The result may be smaller barriers that are friendlier to native fish and changes in lamprey trap design that exploit what Reinhardt and his students have learned about sea lamprey behavior.

Sea lampreys are fish parasites that use their teeth and sucker-style mouth to attach themselves to large fish. They feed off the host and, if they don't kill it, often leave it with a life-threatening wound. Sea lampreys started entering the Great Lakes in the 1950s and, at their peak, threatened the entire Great Lakes fishing industry. Though sea lampreys are about 90 percent controlled, they've shown a great talent for out-competing native species and the Great Lakes Fishery Commission continues to work toward eradicating them.
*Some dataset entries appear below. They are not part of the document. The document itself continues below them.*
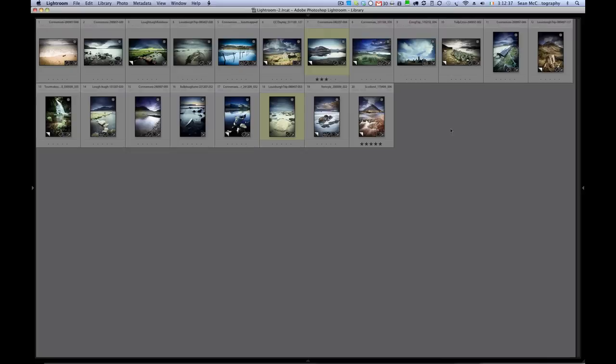One thing that's good for that is survey view. Now in Lightroom 2, moving images around in survey view wouldn't affect the sort. So it's slightly different now in Lightroom 3.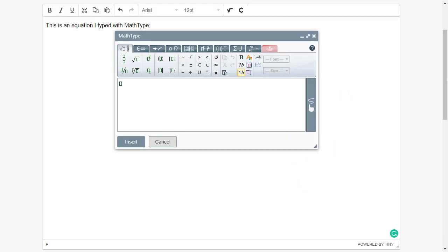Hello, MathTypers! Welcome to the second video in a series of four MathType tutorial videos.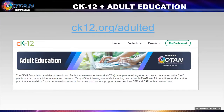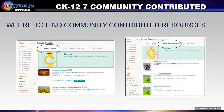Some years ago, our OTAN coordinator Netta Ansari met with Carl from CK12 at an OER conference and they found a joint love of open educational resources. They talked many times about how CK12 and adult education should get together, and through their efforts and Lindsay Kincaid, who inherited the project, as of March 2021 we now have a special section on CK12 dedicated to adult education.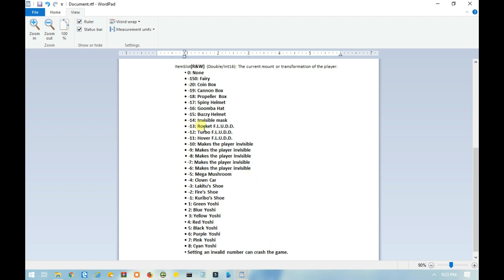But if you use an invalid number, which is any other number than these numbers here, then the game will crash. So you need to be kind of careful here.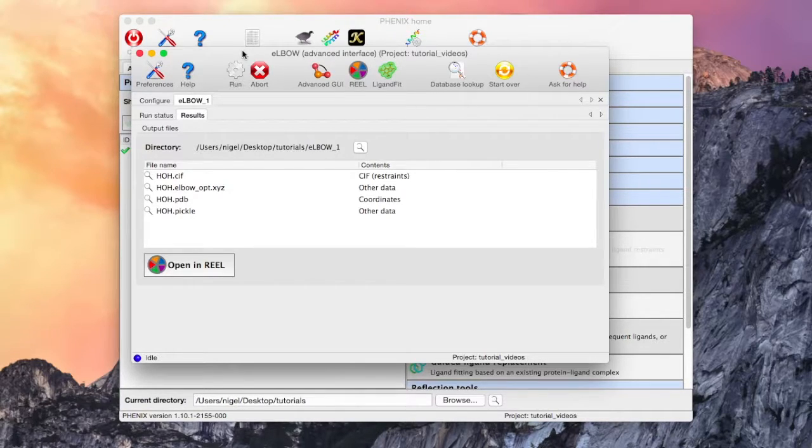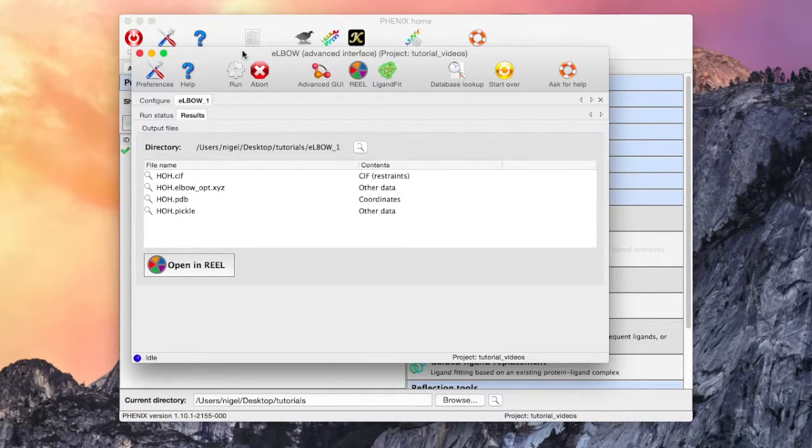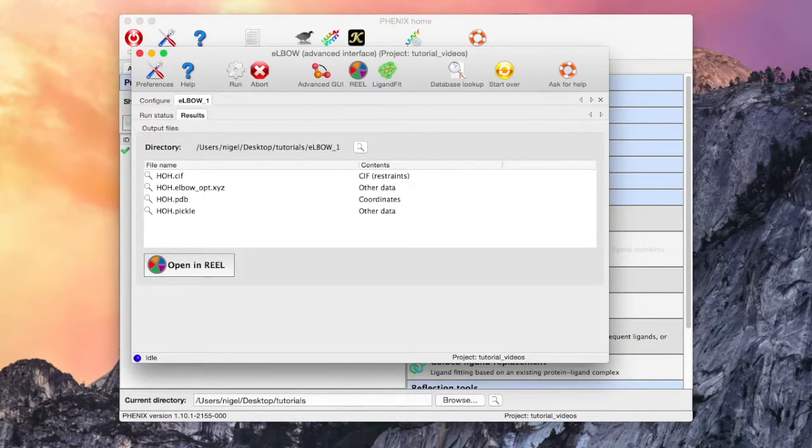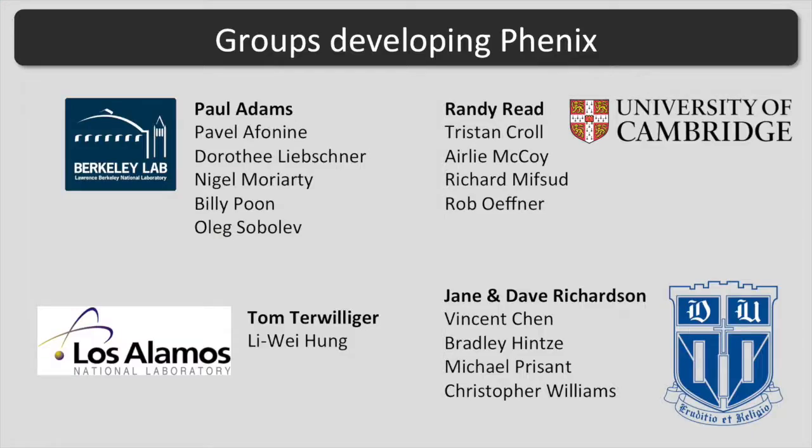This can be useful in fitting the ligand into a model. Choosing the restraints file and then the REEL button will allow you to validate and edit the restraints, but that is for another tutorial. Thank you for listening.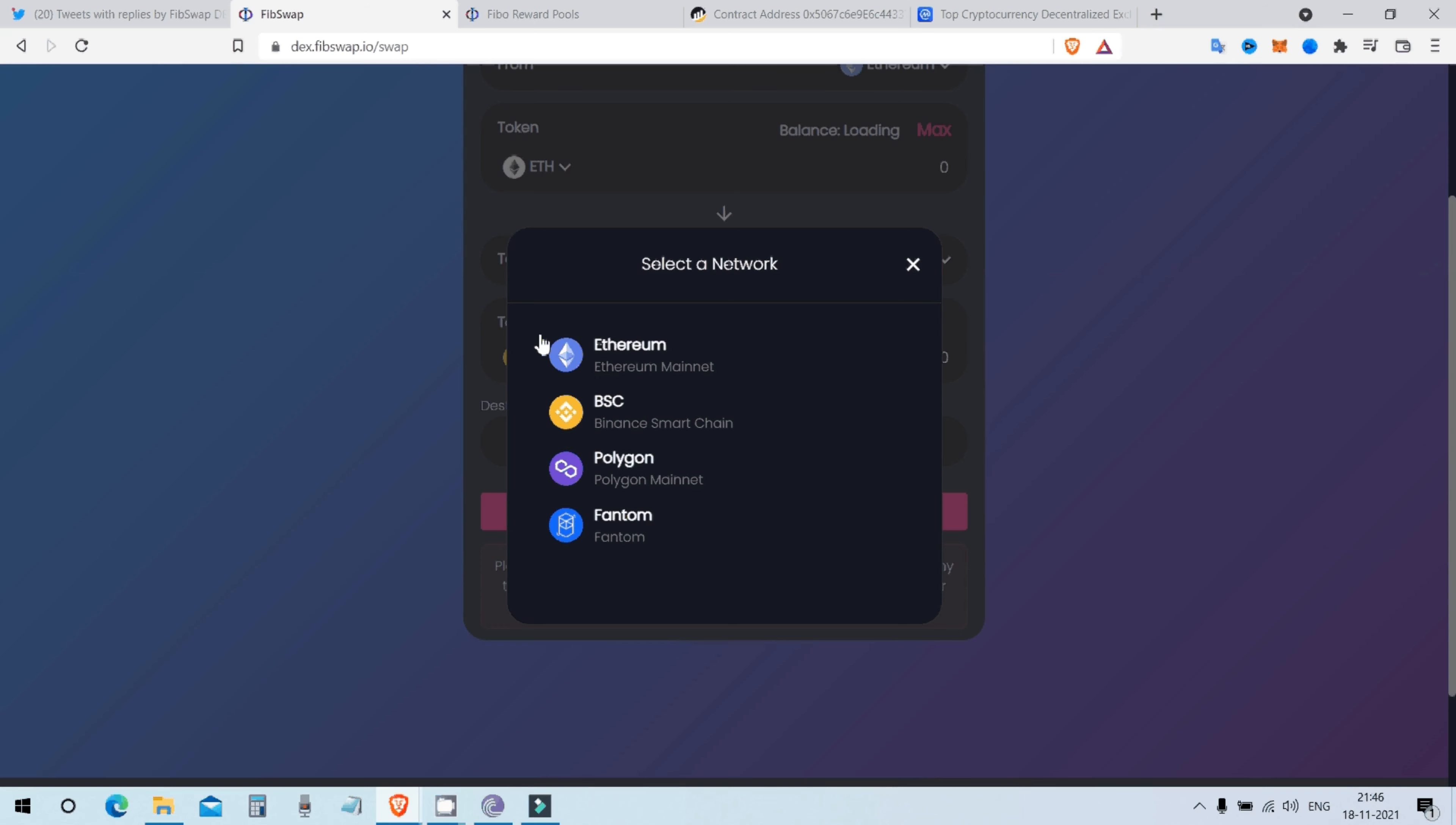They can make an announcement later in next year. Because right now let them, let FibSwap settle down. They get all the DeFi features integrated in their FibSwap DEX, they integrate all the blockchains and then after that they can focus on marketing however they want.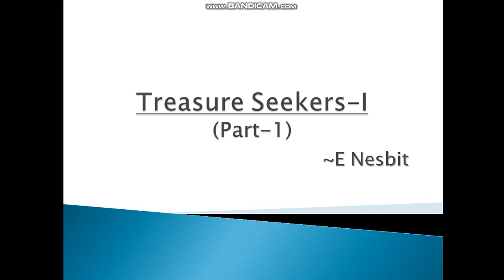Hello students. Welcome to your English language class. I hope all of you are doing great. Today we will be reading the first half of chapter 4 of the literature book. The title of the chapter is The Treasure Seekers Part 1. It is an extract taken from the novel The Story of the Treasure Seekers, written by E. Nesbitt.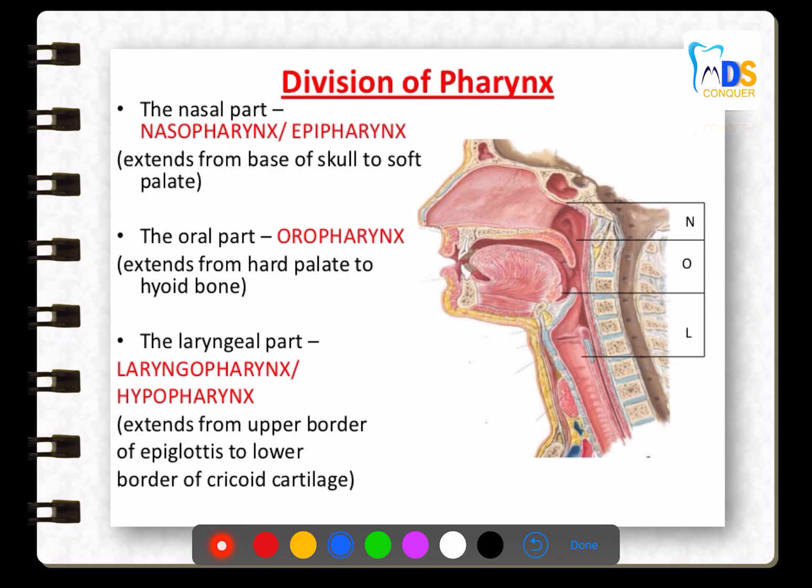The pyriform fossa, also called the smuggler's pouch or smuggler's fossa, is located in the laryngopharynx.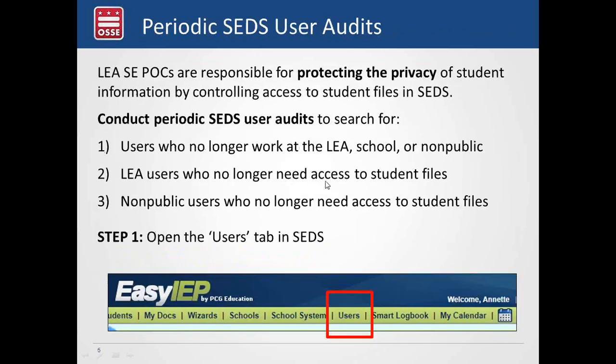Speaking of data privacy and access, as the LEA Special Ed POC, you are the main person responsible for controlling access to SEDS across your entire LEA, including access to all student files within SEDS. We strongly encourage you to do periodic SEDS user audits. Staff turnover happens not just at the beginning of the year but throughout the year, and a staff member's role may change, meaning they may no longer need access to SEDS or to specific student files. Please set a schedule or process — put reminders on your phone — to periodically review every person's profile who has access to your students' data.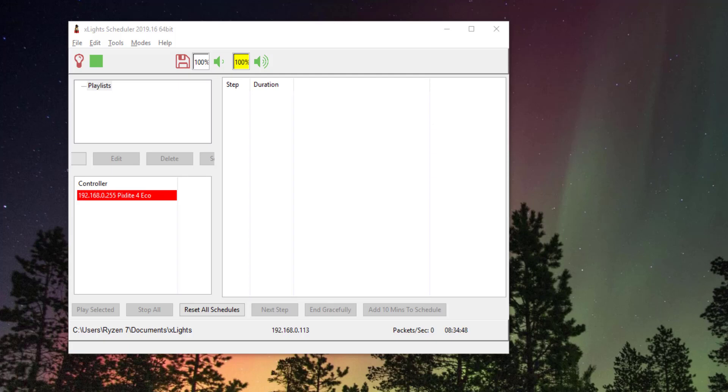So the very last thing we're going to want to do is schedule our display. You've created your sequences, you've got everything set up, and now we just want to use the scheduler to schedule our display.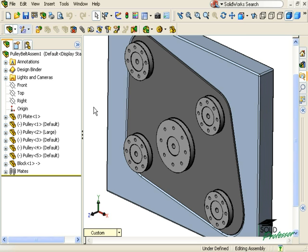SolidWorks 2007 provides an excellent tool for creating systems of belts, chains, pulleys and sprockets in your assemblies.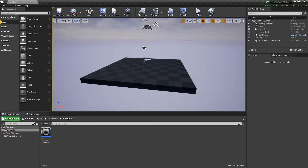Hello everybody and welcome back to another quick streams video. Today I'm going to be teaching all about Blueprint and C++ class communication. For example, if you want to make a variable in C++ and call it from Blueprint, or get it in Blueprint, you will learn how to do that.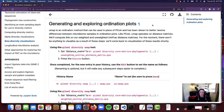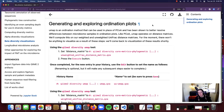Similar to PCoA, UMAP operates on distance matrices and we'll compute this on our weighted and unweighted UniFrac distance matrices — those distance matrices calculated based on those two different diversity metrics. For the moment there won't be anything to visualize as a result of these steps, but we will come back to visualization of these results.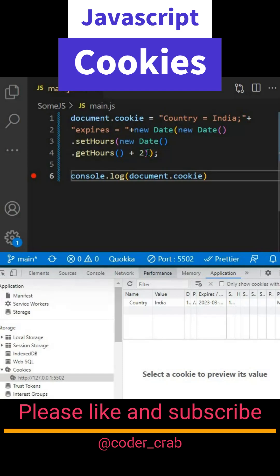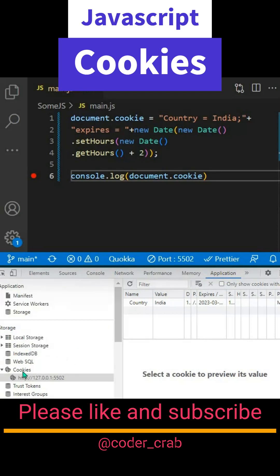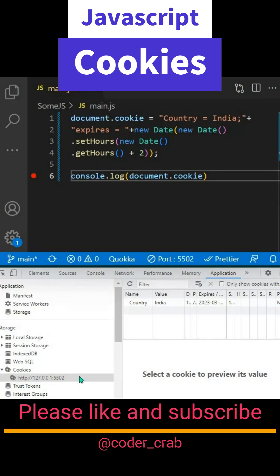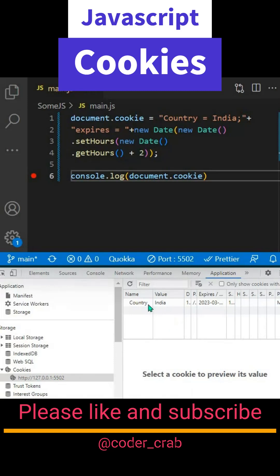After you run this, inside Application, under Storage, you'll have cookies. If you're using a local server, you'll see it here. If you're using any URL or application, you'll see it there. Inside this, you'll have your data name and value, and the expiration time that you specified.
One control measure is the low-head barrier, 1 to 1 ½-foot tall structures, placed downstream from lamprey spawning grounds. Lampreys aren't strong swimmers, so they get to the barriers and can't go further, unlike jumping species such as salmon and trout.

But based on Reinhardt's research and collaborative work at the University of Guelph in Canada, current low-head barriers represent a bit of overkill. They're plenty tall to stop most sea lampreys, but also block certain species of native fish. Non-jumping species, ranging from minnows to sturgeon, struggle with the taller barriers. Reinhardt says the low-head barriers could be retrofitted to a smaller, simpler design — about 6 inches tall, with an inclined ramp that might further help native fish clear them.

"I'm kind of fighting a little bit with the sea lamprey control people," Reinhart said. "It's going to take a few years of research before I will have convinced anyone."

He also plans to apply what he's learned about suction behavior to build a better lamprey trap, possibly something with attachment-friendly surfaces inside the trap to encourage lampreys to stay. They can't attach to the mesh inside existing traps and might, therefore, be more likely to go looking for an escape route.

Skeptics with the U.S. Fish and Wildlife Service say they've seen sea lampreys do amazing things to get past low-head barriers, and Reinhardt puts too much stock in their experience to dismiss those observations. He plans to apply for a grant to install video cameras at several sites to get a more sustained look at what the lamprey are up to.

Meanwhile, Reinhardt's interest has expanded to include the Pacific lamprey, a non-invasive type of lamprey that lives in the fast-moving rivers of the West Coast.

Pacific lampreys, it turns out, are great climbers. They are able to suction onto surfaces and "swim" upward through a very thin layer of water. Reinhardt and his students have broken down film of the climbing process to better understand it. Just as fisheries departments put up barriers in the Great Lakes to keep lampreys from spawning, they use vertical surfaces as ladders on the west coast to guide Pacific lampreys past hydroelectric dams and back to spawning sites.

By learning more about how the Pacific lamprey climbs, Reinhardt hopes to refine his Great Lakes sea lamprey hypothesis and design more salient experiments.

"We've got two different species with quite different strategies for getting up and over things." Reinhardt said. "The sea lampreys we have in the Great Lakes have evolved on the East Coast and maybe even Lake Ontario, where there are no challenging river situations. On the West Coast, the Pacific lampreys are facing rapids all over the place."